Sobre as provas obtidas com tais procedimentos “vexatórios” o ministro ponderou que elas devem ser consideradas como “ilícitas por violação à dignidade da pessoa humana e aos direitos fundamentais à integridade, intimidade e honra”. Tal ilicitude, no entanto, deve ser objeto de análise nas “instâncias apropriadas”, anotou.
Fachin afirmou que a busca pessoal – diferente da revista íntima – em visitantes de presídios é permitida, mas deve ser realizada após eles passarem por equipamentos como detectores e apenas se “for fundada em elementos concretos ou documentos que materializem e justifiquem a suspeita do porte de substâncias e objetos ilícitos ou proibidos”. Assim, segundo o ministro, permite-se o controle judicial e a responsabilização civil, penal e administrativa nas hipóteses de eventuais arbitrariedades.
“O desnudamento de visitantes e inspeção de suas cavidades corporais, ainda que alegadamente indispensáveis à manutenção da estabilidade no interior dos presídios, subjugam todos aqueles que buscam estabelecer contato com pessoas presas, negando-lhes o respeito a direitos essenciais de forma aleatória.

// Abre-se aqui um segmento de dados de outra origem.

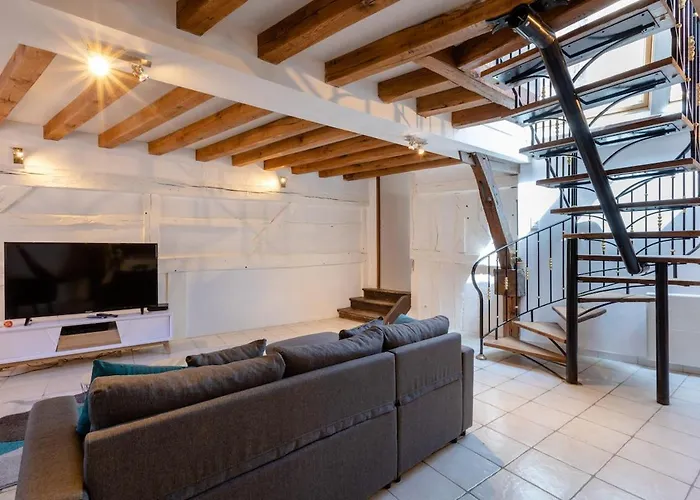 Apartman Havre De Paix T4 De 90 M2 - Coeur De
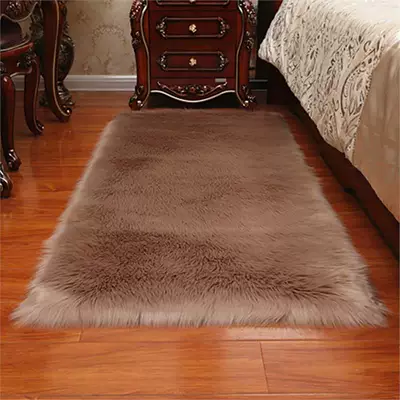 Chinese Door Mat, Entrance Carpet, Car Carpet - bean-paste-color-80x180cm-rectangle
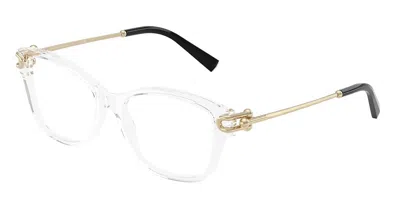 Tiffany & Co Tf2266 Women's Glasses, Clear, Size 51 In Transparent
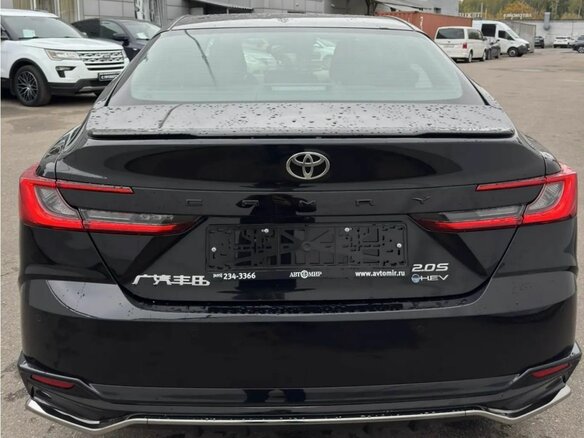 2026 Toyota Camry IX (XV80) China Market, чёрный, 5210000 рублей - вид 7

A ausência de equipamentos eletrônicos não é nem pode ser justificativa para impor revista íntima”, ressaltou.
O que disse a PGR?
A Procuradoria-Geral da República sustentou que não há legitimidade na “realização generalizada de revistas íntimas com atos de desnudamento e inspeção nos órgãos genitais”. Por outro lado, argumentou que a diligência poderia ser adotada “quando absolutamente imprescindível para alcançar objetivo legítimo concretamente e previamente fundamentado”.

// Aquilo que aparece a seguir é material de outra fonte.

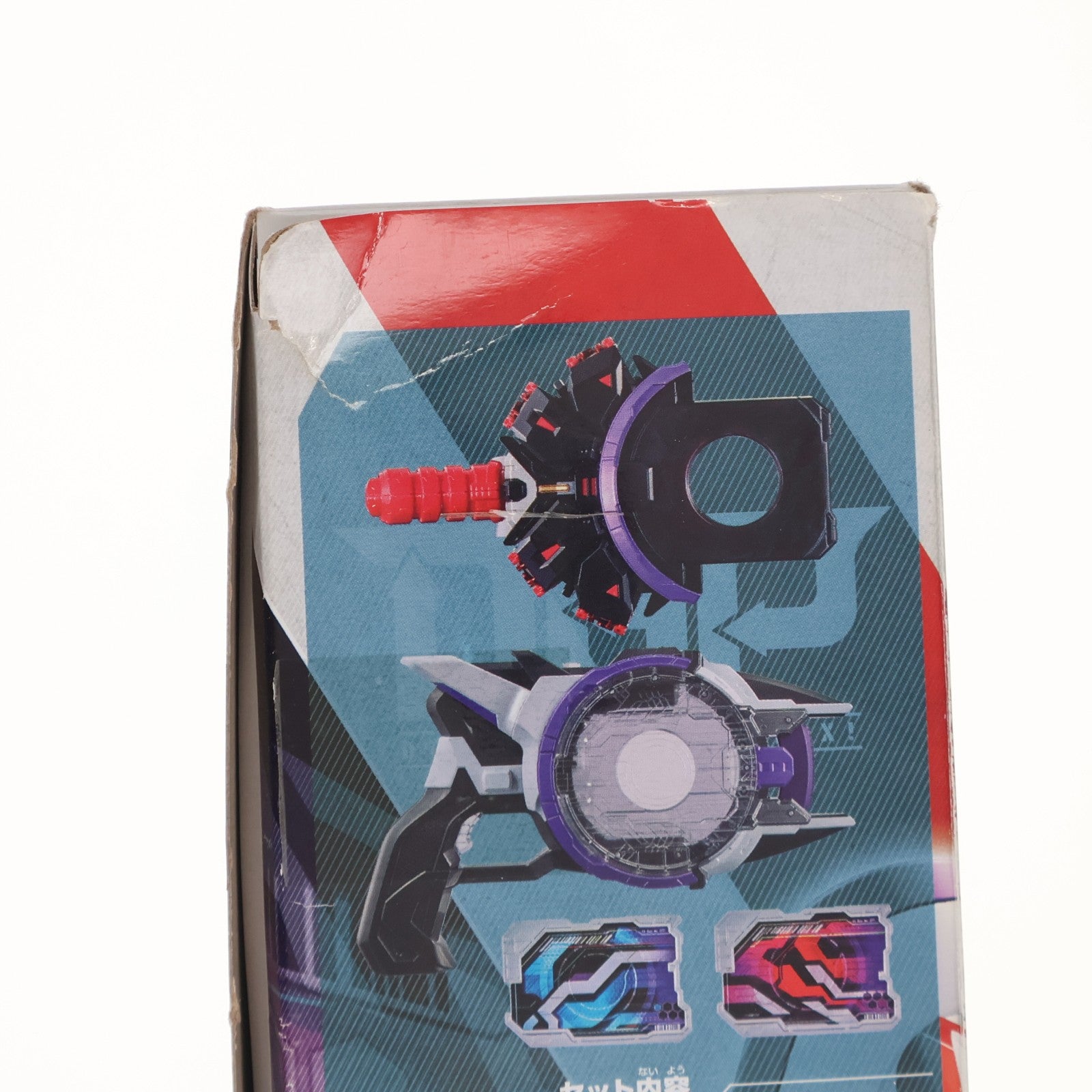 【中古即納】[TOY] DXブーストマークIIレイズバックル&レーザーレイズライザーセット 仮面ライダーギーツ 完成トイ バンダイ(20230318)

O Ministério Público Federal ainda pediu que os efeitos da decisão do STF sejam modulados, pelo período de um ano, para que os presídios possam ajustar os seus protocolos e as suas regras de ingresso dos visitantes.

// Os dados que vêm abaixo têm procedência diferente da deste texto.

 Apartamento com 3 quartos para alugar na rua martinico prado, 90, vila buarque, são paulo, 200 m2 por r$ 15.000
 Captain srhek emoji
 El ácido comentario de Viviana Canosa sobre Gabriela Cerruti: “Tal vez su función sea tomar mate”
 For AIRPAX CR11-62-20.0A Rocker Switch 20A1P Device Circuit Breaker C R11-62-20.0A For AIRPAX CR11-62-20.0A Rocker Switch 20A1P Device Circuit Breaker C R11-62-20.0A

Qual o caso discutido no STF?
Os ministros analisam um recurso apresentado contra decisão do Tribunal de Justiça do Rio Grande do Sul que considerou ilícita prova produzida durante revista íntima, uma apreensão de droga.
A corte absolveu a mulher com quem o entorpecente foi encontrado sob o entendimento de que a prova foi obtida “em desrespeito às garantias constitucionais da vida privada, honra e imagem das pessoas, pois a revista nas cavidades íntimas ocasiona uma ingerência de alta invasividade”.